Pictures stay out. Everything else in the listing below gets written out exactly.

* * * *

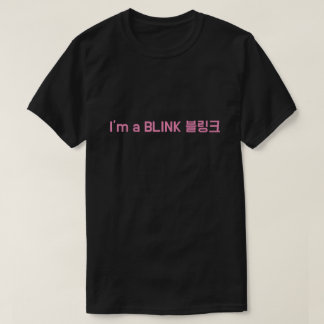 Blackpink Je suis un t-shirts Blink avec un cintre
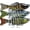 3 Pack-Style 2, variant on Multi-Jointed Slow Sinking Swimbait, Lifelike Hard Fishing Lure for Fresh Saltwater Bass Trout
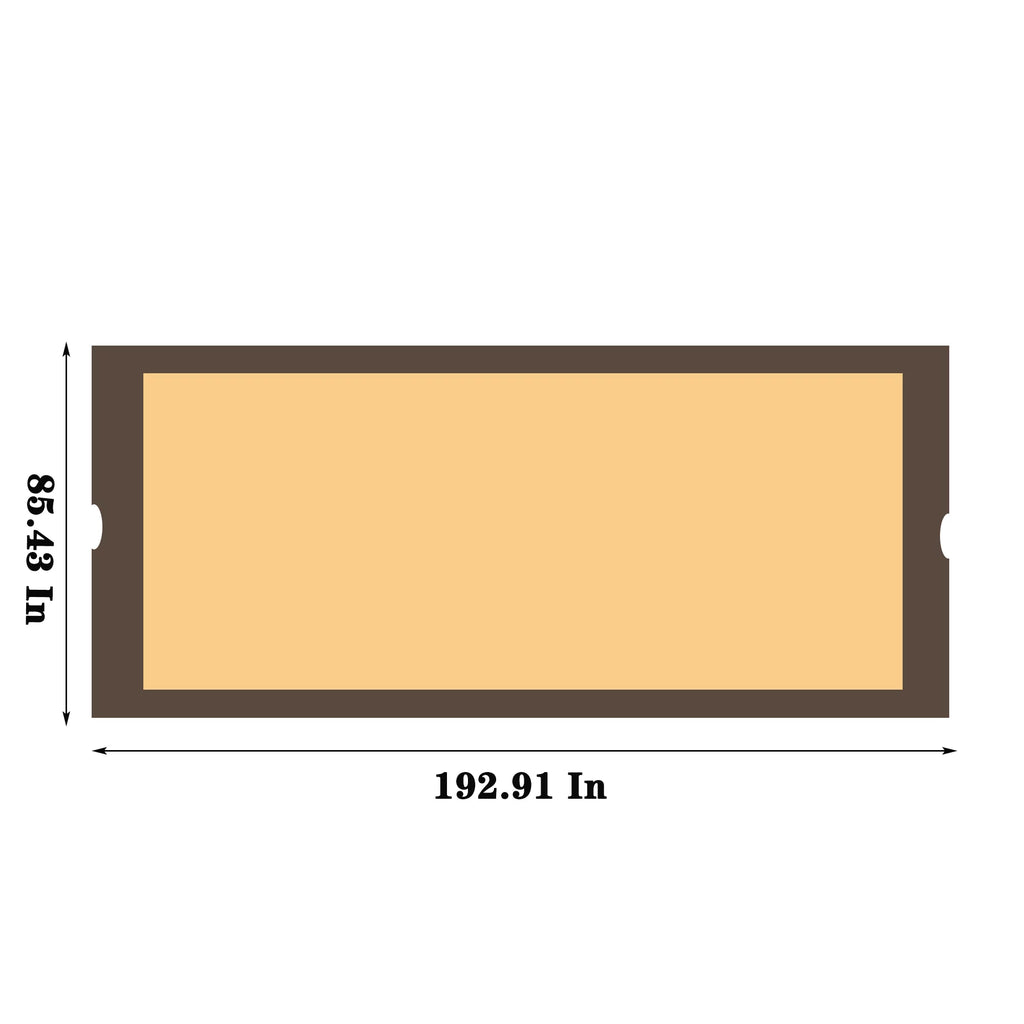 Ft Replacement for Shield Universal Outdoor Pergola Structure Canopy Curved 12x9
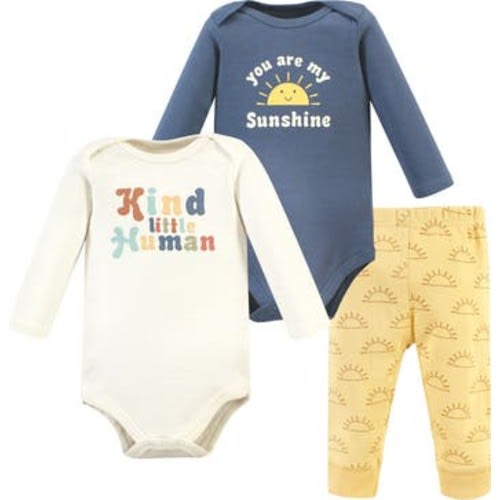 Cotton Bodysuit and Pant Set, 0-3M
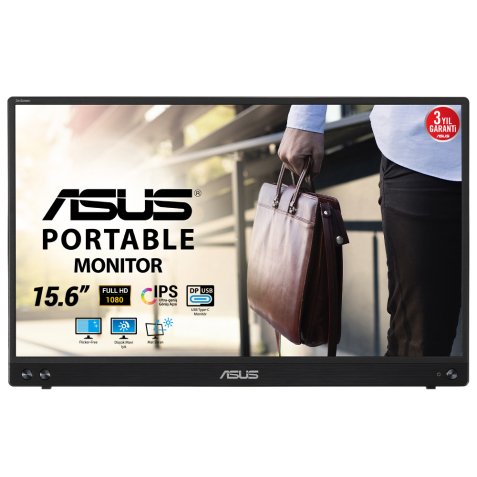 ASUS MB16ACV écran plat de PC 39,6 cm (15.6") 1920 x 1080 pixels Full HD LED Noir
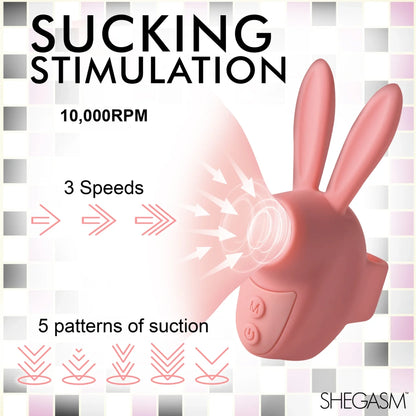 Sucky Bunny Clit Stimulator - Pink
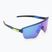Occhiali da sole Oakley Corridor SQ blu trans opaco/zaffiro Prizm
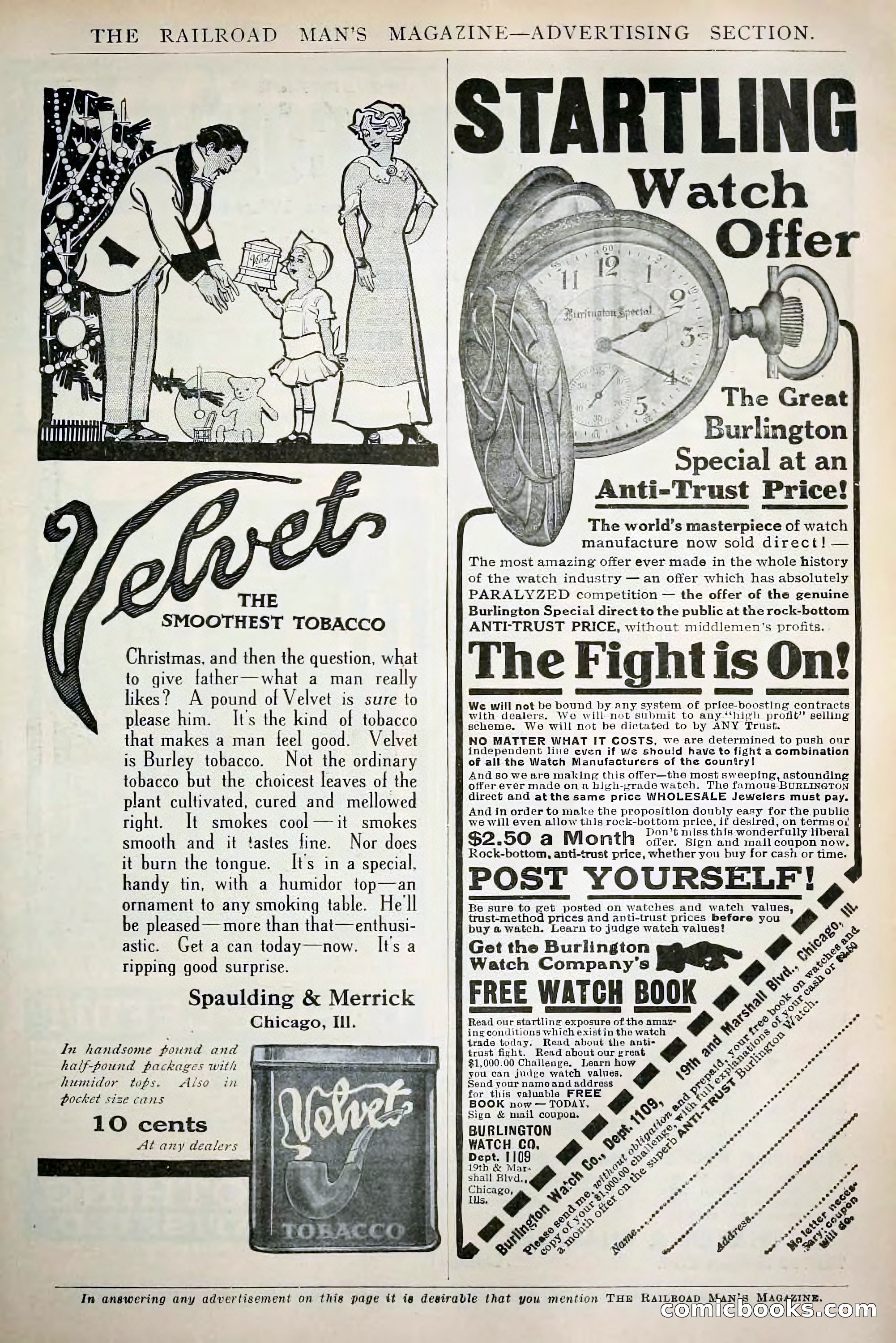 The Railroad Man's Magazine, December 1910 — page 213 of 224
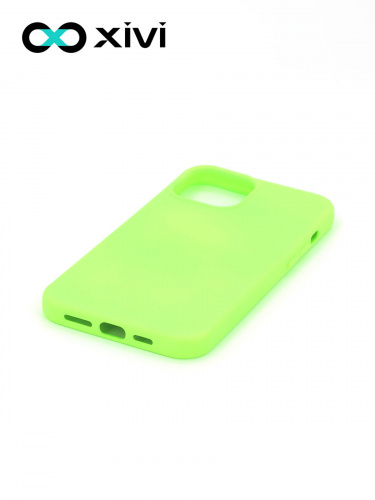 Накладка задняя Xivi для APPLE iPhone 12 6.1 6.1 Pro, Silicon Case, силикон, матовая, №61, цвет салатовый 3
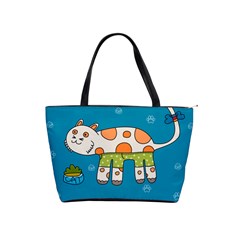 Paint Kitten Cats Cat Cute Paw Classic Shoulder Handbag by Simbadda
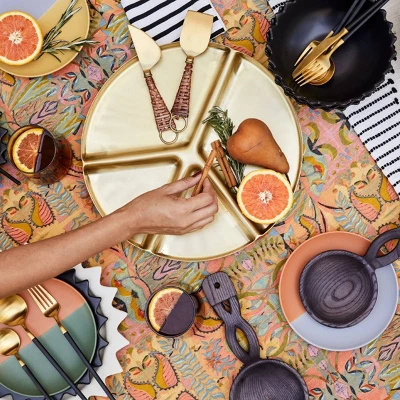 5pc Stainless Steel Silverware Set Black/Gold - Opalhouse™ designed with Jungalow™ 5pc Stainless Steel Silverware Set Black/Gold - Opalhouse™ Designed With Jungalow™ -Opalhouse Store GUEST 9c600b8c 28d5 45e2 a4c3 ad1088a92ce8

* * * *

* _Answer to this task_:
 Blackpink Je suis un t-shirts Blink avec un cintre
 3 Pack-Style 2, variant on Multi-Jointed Slow Sinking Swimbait, Lifelike Hard Fishing Lure for Fresh Saltwater Bass Trout
 Ft Replacement for Shield Universal Outdoor Pergola Structure Canopy Curved 12x9
 Cotton Bodysuit and Pant Set, 0-3M
 ASUS MB16ACV écran plat de PC 39,6 cm (15.6") 1920 x 1080 pixels Full HD LED Noir
 Sucky Bunny Clit Stimulator - Pink
Occhiali da sole Oakley Corridor SQ blu trans opaco/zaffiro Prizm
 The Railroad Man's Magazine, December 1910 — page 213 of 224
 Накладка задняя Xivi для APPLE iPhone 12 6.1 6.1 Pro, Silicon Case, силикон, матовая, №61, цвет салатовый 3
 Paint Kitten Cats Cat Cute Paw Classic Shoulder Handbag by Simbadda
 5pc Stainless Steel Silverware Set Black/Gold - Opalhouse™ designed with Jungalow™ 5pc Stainless Steel Silverware Set Black/Gold - Opalhouse™ Designed With Jungalow™ -Opalhouse Store GUEST 9c600b8c 28d5 45e2 a4c3 ad1088a92ce8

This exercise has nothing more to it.